Entries provided
──────────────────────────────
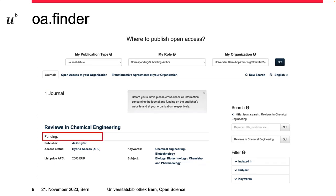The last case is a trickier one, because there is no indication about funding sources. This could have two possible reasons. First, the Open Access Finder may lack information — in this case, we ask you to go check on the website or get in touch with us and we will figure it out. The more likely and unfortunately worse case is that there is no funding available, like in this example where there is no agreement with the publisher in place. In any case, we strongly recommend you check journals even before submitting your manuscript to make sure your costs are covered.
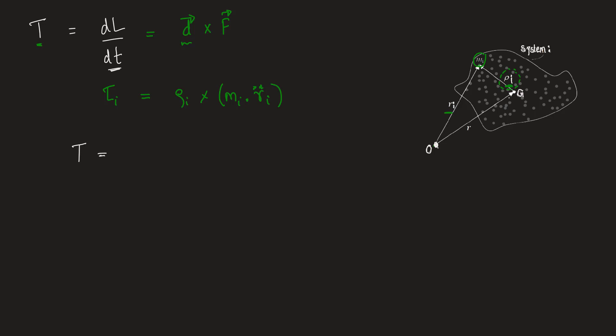So T will be equal to sum of torque of all such i particles, which is equal to sum of, for all i particles, rhoi cross Mi Ri double dot. So you should pay attention to one, this concept, and second, that you have to take acceleration as Ri double dot and not rhoi double dot.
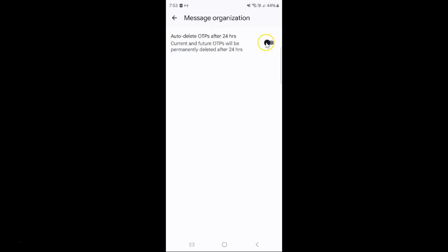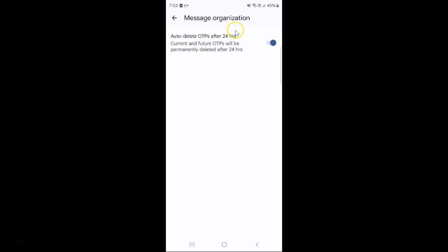To enable it, you have to enable this toggle button next to it. Just tap on it so that the slider moves to the right. And you can see it's now enabled.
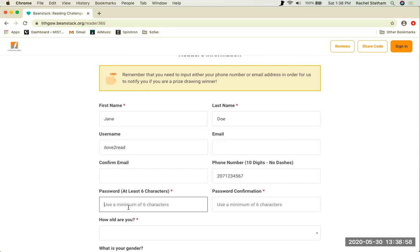You will then be asked to create a password for your account. Use something you will remember and know that the only requirement is that it is no longer than six characters. However, we do not recommend that you use your username as your password or any personal or identifying information.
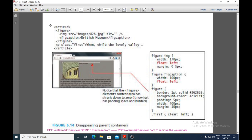In the example, inside an article we have a figure containing an image and a figure caption, followed by a paragraph. The figure image has width, float, and margin set. The figure caption has width and float-left set. Because the content inside the figure is floated to the left, the figure's border, background color, padding, width, and margin all shrink to zero.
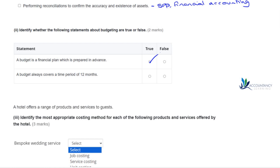'A budget always covers a time period of 12 months' — this one is false. Budgets don't always have to cover a period of 12 months. It's quite common to cover 12 months, but you might have monthly budgets, weekly budgets, or daily budgets. It could be for any time period that is useful for the business.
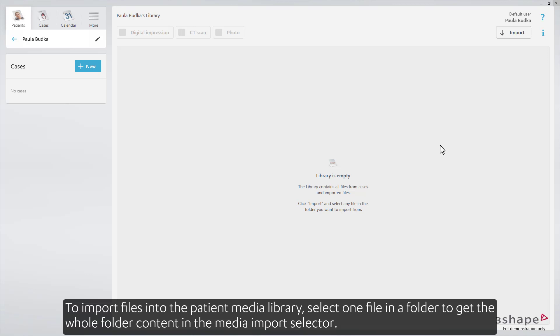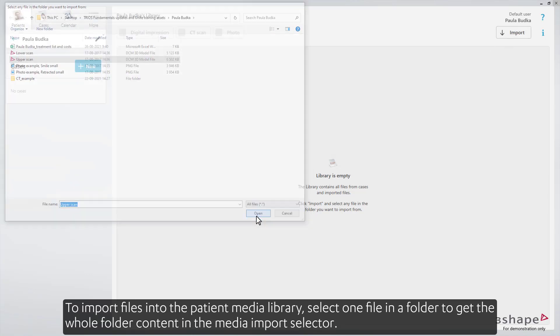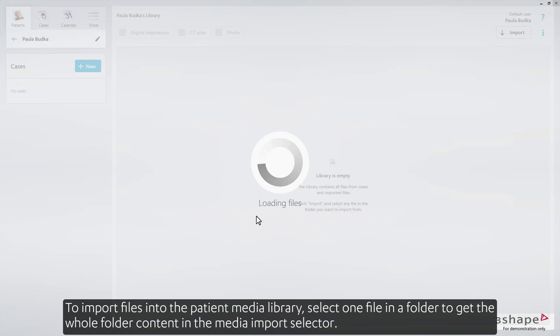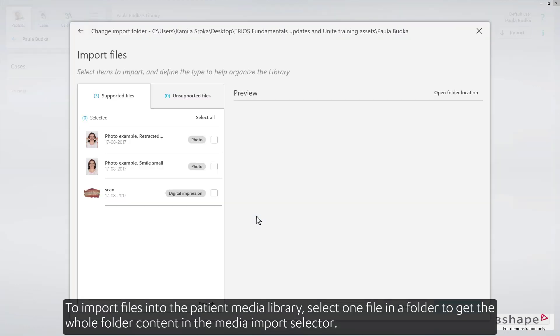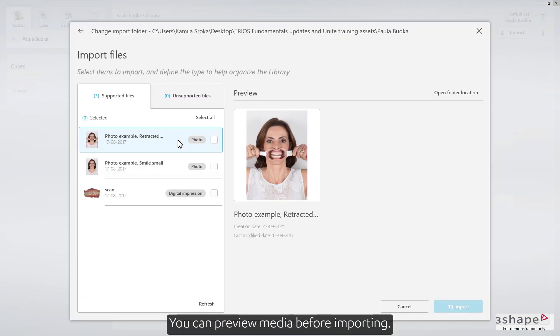To import files into the patient media library, select one file in a folder to get the whole folder content in the media import selector. You can preview media before importing.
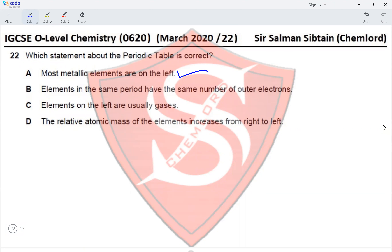Statement B — elements in the same period have the same number of outer electrons. This is incorrect. Elements in the same period have the same number of shells, but each element has a different number of outer electrons depending on its group. A group 1 element has one outer electron, group 2 has two, and so on.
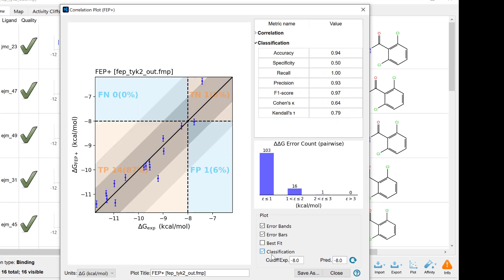We've also included a classification matrix in the correlation plot, providing instant insights into true positives, false positives and more based on a set cutoff.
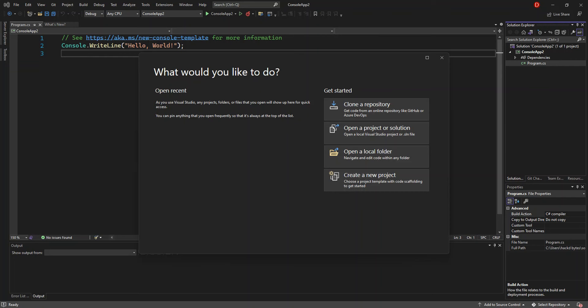Hello everyone, welcome back. In this video we will look at implementing the blockchain inside a C# project using Visual Studio 2022. Blockchain is a system for recording information in a way that makes it difficult or impossible to change, hack, or cheat the system. Visual Studio is an integrated development environment for building websites, web apps, mobile apps, software, etc.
──────────────────────────────
Exercise objective
In the answer, retype exactly and only the lines from the one holding "To import files" through the end of the listing, keeping both ends and dropping every picture.

Task solution
To import files into the patient media library, select one file in a folder to get the whole folder content in the media import selector. You can preview media before importing.
Statement B — elements in the same period have the same number of outer electrons. This is incorrect. Elements in the same period have the same number of shells, but each element has a different number of outer electrons depending on its group. A group 1 element has one outer electron, group 2 has two, and so on.
We've also included a classification matrix in the correlation plot, providing instant insights into true positives, false positives and more based on a set cutoff.
Hello everyone, welcome back. In this video we will look at implementing the blockchain inside a C# project using Visual Studio 2022. Blockchain is a system for recording information in a way that makes it difficult or impossible to change, hack, or cheat the system. Visual Studio is an integrated development environment for building websites, web apps, mobile apps, software, etc.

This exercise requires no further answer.